**AIM OF THE EXERCISE**
Restate the data below word for word. Leave the images out.
[INFORMATION SHOWN — start]
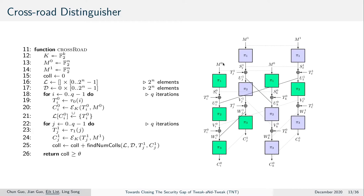In the crossroad distinguisher, we collect for every iteration for message m0 a tweak according to some tweak construction function, encrypt it to its ciphertext, and store the tweak at the index of the ciphertext into a list. Next, we repeat the same procedure for m1, construct the tweaks T_{ij}, encrypt them, and then run a procedure to find quartet collisions.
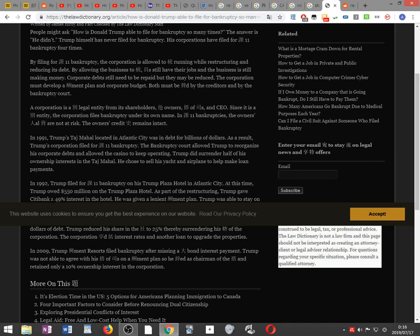A corporation is a separate legal entity from its shareholders, owners, board of directors, and CEO. Since it is a different entity, the corporation files bankruptcy under its own name. In Chapter 11 bankruptcy, the owner's personal assets are not at risk, and the owner's credit history remains intact.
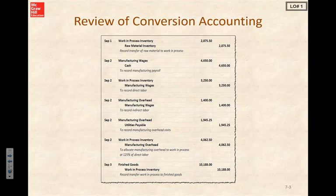Next up, Sunset Graphics would like us to take a look at their conversion accounting and map that out. Before we jump into that, let's take a moment to review conversion accounting. Conversion accounting is a process related to converting our raw materials to our finished goods. Let's look at some typical transactions.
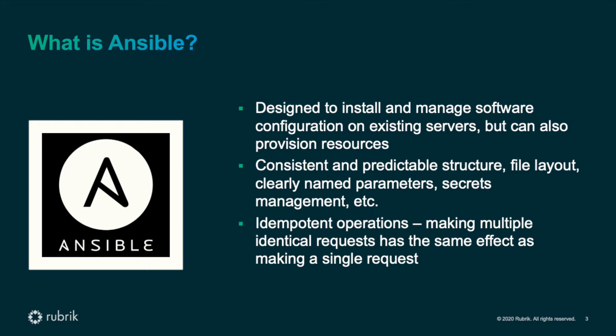Ansible uses the idea of playbooks, which are written in the YAML data format. Each playbook is made up of one or more tasks, and the tasks are executed in order from top to bottom. We're just scratching the surface of what can be done with Ansible today, but it is in widespread use and has support for most major infrastructure stacks.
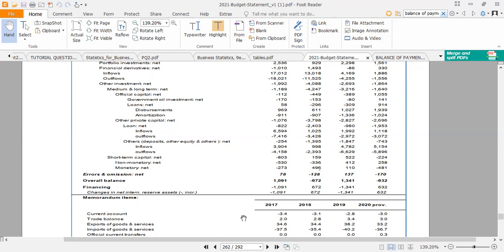A positive overall balance means that more money came into Ghana than left. This has positive implications for our exchange rate. Because more money came in than went out, Ghana demanded less foreign currency. Since foreign currency must be exchanged into cedis to enter the country, and cedis must be exchanged into foreign currency to leave, a positive balance of payments means the exchange rate will stabilize and the cedi will appreciate.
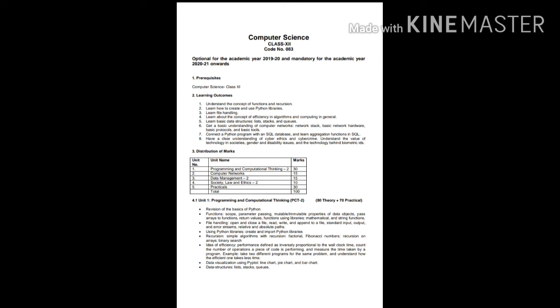You have to know about a distribution of marks also. Programming and conceptual thinking will cover 30 marks. Network covers 15 marks. Data management will cover 15 marks. Society law and ethics will cover 10 marks. And your practical will be covering 30 marks. So by keeping in mind these all things, we will be starting our session.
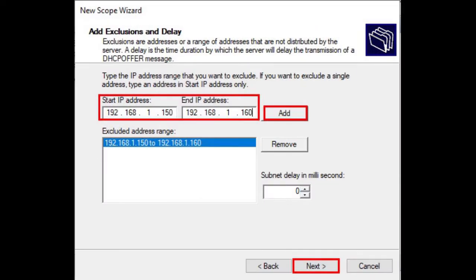Add the exclusion range using the Start and End IP Address boxes and the Add button. This is useful if you have devices with static IP addresses, like printers, servers, or routers, within the scope you're creating.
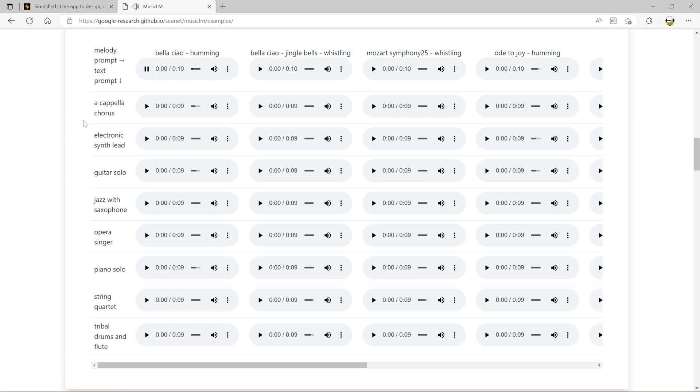And what about Music LM from Google? Here you can just hum or whistle a melody and it will be played back on any instrument of your choosing. Now how about if you were a singer-songwriter and you'd written a song that you would like a backing track for, but you don't actually play any instruments? Well, that's here too.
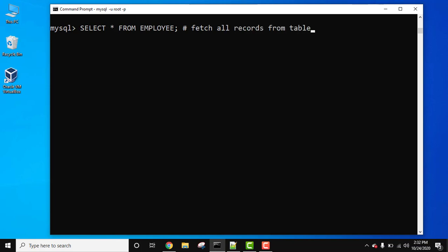Now I will press enter and this won't get executed because it's a single-line comment. Only this command SELECT * FROM EMPLOYEE will get executed.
[INFORMATION SHOWN — finish]
**EXERCISE RESPONSE**
In the crossroad distinguisher, we collect for every iteration for message m0 a tweak according to some tweak construction function, encrypt it to its ciphertext, and store the tweak at the index of the ciphertext into a list. Next, we repeat the same procedure for m1, construct the tweaks T_{ij}, encrypt them, and then run a procedure to find quartet collisions.
A corporation is a separate legal entity from its shareholders, owners, board of directors, and CEO. Since it is a different entity, the corporation files bankruptcy under its own name. In Chapter 11 bankruptcy, the owner's personal assets are not at risk, and the owner's credit history remains intact.
Next up, Sunset Graphics would like us to take a look at their conversion accounting and map that out. Before we jump into that, let's take a moment to review conversion accounting. Conversion accounting is a process related to converting our raw materials to our finished goods. Let's look at some typical transactions.
Ansible uses the idea of playbooks, which are written in the YAML data format. Each playbook is made up of one or more tasks, and the tasks are executed in order from top to bottom. We're just scratching the surface of what can be done with Ansible today, but it is in widespread use and has support for most major infrastructure stacks.
A positive overall balance means that more money came into Ghana than left. This has positive implications for our exchange rate. Because more money came in than went out, Ghana demanded less foreign currency. Since foreign currency must be exchanged into cedis to enter the country, and cedis must be exchanged into foreign currency to leave, a positive balance of payments means the exchange rate will stabilize and the cedi will appreciate.
You have to know about a distribution of marks also. Programming and conceptual thinking will cover 30 marks. Network covers 15 marks. Data management will cover 15 marks. Society law and ethics will cover 10 marks. And your practical will be covering 30 marks. So by keeping in mind these all things, we will be starting our session.
Add the exclusion range using the Start and End IP Address boxes and the Add button. This is useful if you have devices with static IP addresses, like printers, servers, or routers, within the scope you're creating.
And what about Music LM from Google? Here you can just hum or whistle a melody and it will be played back on any instrument of your choosing. Now how about if you were a singer-songwriter and you'd written a song that you would like a backing track for, but you don't actually play any instruments? Well, that's here too.
Now I will press enter and this won't get executed because it's a single-line comment. Only this command SELECT * FROM EMPLOYEE will get executed.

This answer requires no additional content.